Backers of this view are rarely well-known commentators, but they do seem to occupy positions of the power in the GOP. (The GOP’s positions on immigration and global warming, for example, don’t mesh very well with its conservative base). While it’s not certain that the GOP leadership really follows any coherent philosophy, it has certainly turned its back on Reaganism and embraced a more populist (at least from a liberal point of view) attitude. Other proponents of remaking conservatism involve the neocons at the Weekly Standard (not all, but some such as David Frum), and paleoconservatives like Pat Buchanan.
Reagan conservatives accuse the new conservatives “watering down” conservatism, while the new conservatives believe that the traditionalists are overstaying their welcome—the issues they support may have been relevant in the eighties, but their day is past. (I hesitate to call the new breed of conservatives “neoconservatives,” since the neoconservatives really joined the Right in the seventies due Left’s passivism in the face of the threat of the Soviet Union, and not necessarily to remake the movement. In any case, the term has been so hijacked by liberals to mean simply a Bad Person that it is virtually meaningless anyway).
Both sides are convinced that their position in indisputably the right one, and don’t want to hear anything to the contrary. Many traditional conservatives have vowed never to support the somewhat moderate John McCain, while many new conservatives (who seemed to congregate around Rudy Giuliani) sneer at the naivety of their conservative rivals.
So who is correct? Both are, at least in part. The conservative movement really is stuck in the past, and has not adapted to new realities. The conservative movement’s adulation of Ronald Reagan is counterproductive—Reagan was a great President, but he wasn’t flawless, and anyhow served twenty years ago. It’s time to move on—conservatives should respect Reagan, but they should stop selling themselves as exact replicas of him.
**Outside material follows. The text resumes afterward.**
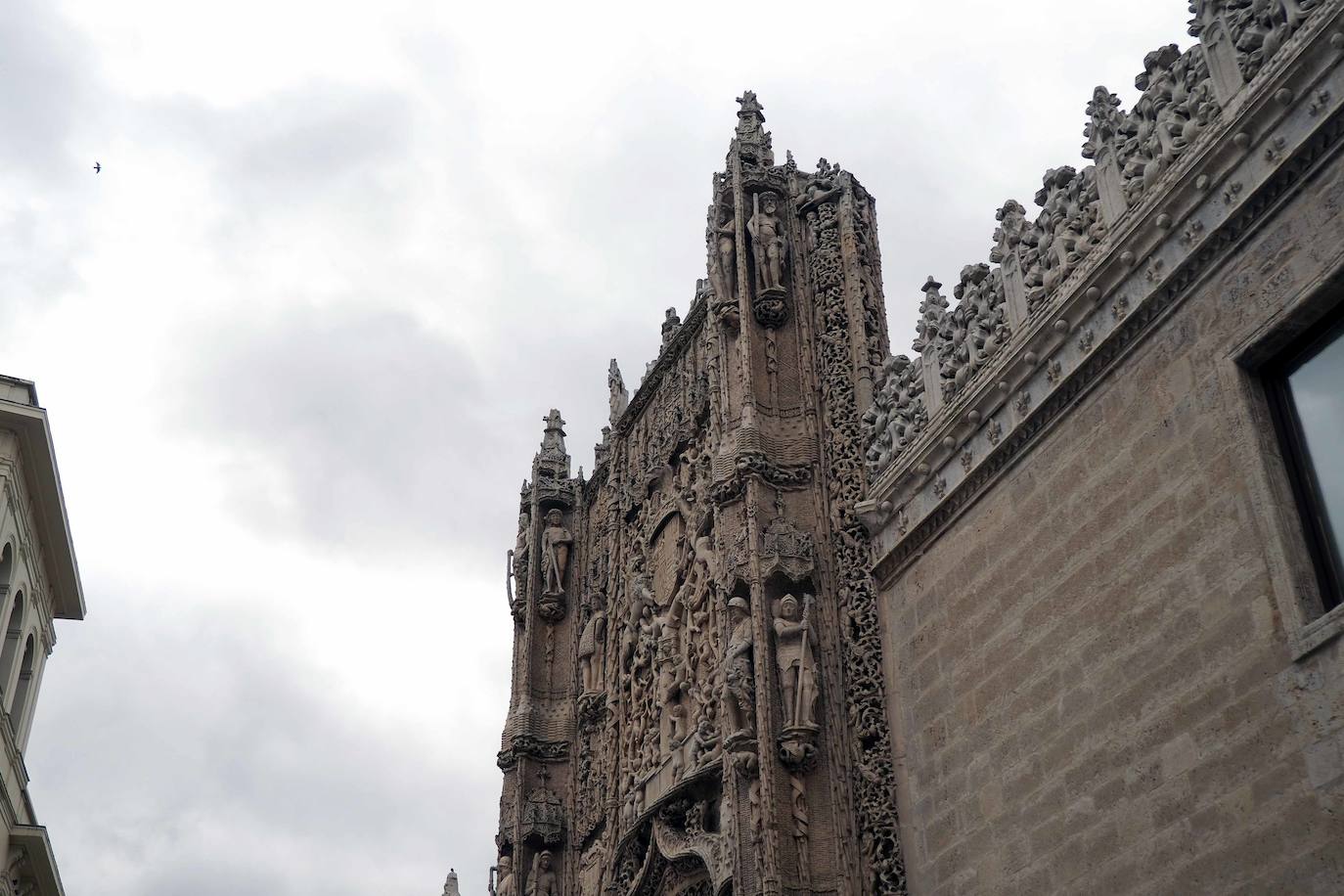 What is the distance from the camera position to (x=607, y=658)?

Also, Republicans still make cutting spending, cutting taxes, and fighting foreign enemies the cornerstone of their campaigns (at least at the presidential level). Unfortunately, these issues are not the vital issues they once were. Cutting spending is a cliché—everyone promises to, but no one actually does, and no one thinks that the Republicans will. Cutting taxes is admirable, but high taxes are not the problem they were in the early eighties, and don’t resonate with people to the same degree they did then. Fighting foreign enemies is the one issue that has stayed current—Americans always want to be protected.
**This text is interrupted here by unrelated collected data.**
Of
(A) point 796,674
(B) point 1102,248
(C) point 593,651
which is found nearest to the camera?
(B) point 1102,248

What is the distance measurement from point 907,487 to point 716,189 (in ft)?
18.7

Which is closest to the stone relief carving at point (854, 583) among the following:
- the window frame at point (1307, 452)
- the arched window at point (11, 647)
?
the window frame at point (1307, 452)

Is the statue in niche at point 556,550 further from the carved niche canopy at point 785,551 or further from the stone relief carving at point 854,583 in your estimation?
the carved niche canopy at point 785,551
Instead of promoting tax cuts (which are, it should be noted, a good thing), Republicans should focus on cutting regulation and the size of government. The federal government is far too big and unwieldy, and has expanded far too rapidly. Reducing the size of, say, HUD and like government programs would probably improve both the country and the GOP’s electoral chances.
The new conservatives are correct in their insistence on updating the GOP’s message—but they confuse “updating” with “rebuilding.” The conservative platform may not be perfect, and may need a bit of modernizing, but it is a strong foundation, and one conservatives should stick with.